Analysis of the distribution of Arctic Cod biomass across depth habitats
Biomass catch-per-unit-effort (CPUE) was calculated for each station as grams of Arctic Cod per square meter (g m−2) of sea floor swept. A Shapiro–Wilk procedure was applied to test the normality of CPUE data (α = 0.05). To assess whether Arctic Cod biomass differed significantly across station depths, biomass was grouped for depth stations across transects and a Kruskal–Wallis test was applied to mean values (α = 0.05). A Conover–Inman pairwise comparison was applied using the same depth groupings to determine whether depth stations grouped according to Arctic Cod biomass (α = 0.05). A Holm correction was applied to the p values of the Conover–Inman test to control familywise error rate.

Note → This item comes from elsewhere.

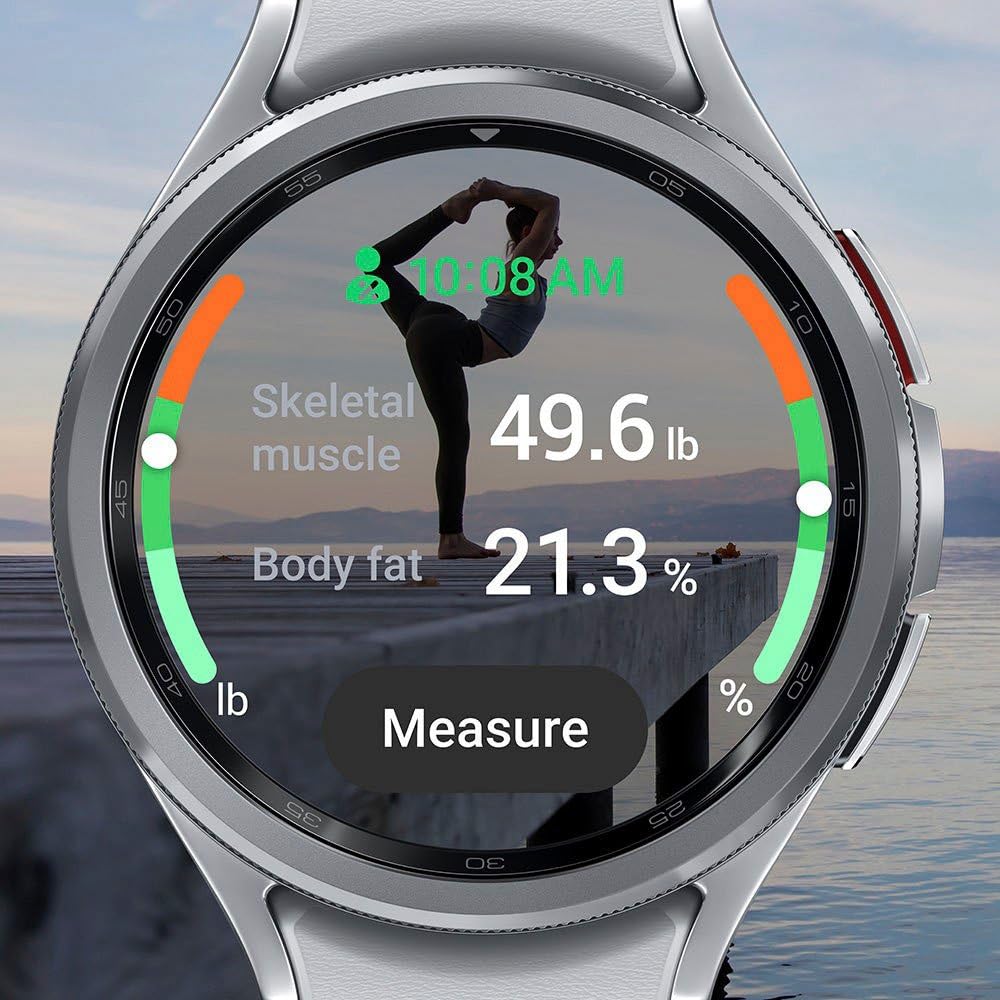 Foto 6 pulgar | Smartwatch Samsung Galaxy Watch 6 Classic 47 Mm Plateado - Venta Internacional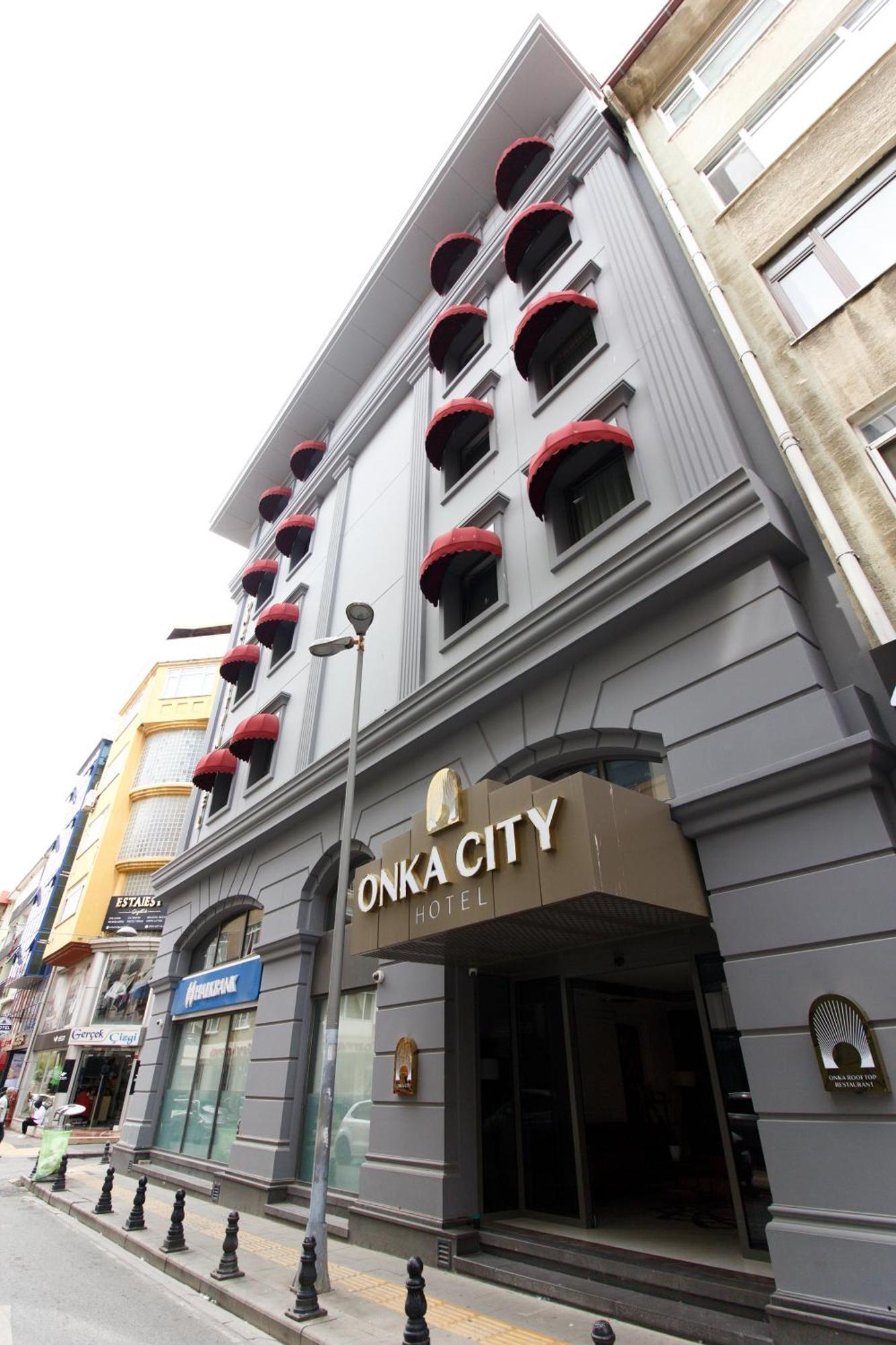 Hotel Onka Otelcilik Turizm Ticaret Limited Sirketi *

Full oceanographic profiles of the water column were collected at each fishing station using a Seabird Model 25 conductivity, temperature, and depth (CTD) probe. Measurements were taken at 1m intervals throughout the water column. Fishing depth stations were overlaid onto integrated vertical water mass profiles of temperature and salinity (Ocean Data View v4) of the transects (Fig. 2) to assess spatial overlap of Arctic Cod biomass with differential water mass habitats. For comparison of temperature and salinity values relative to demersal fish catches, minimum, maximum, and mean values were calculated using the bottom-most three intervals from each cast.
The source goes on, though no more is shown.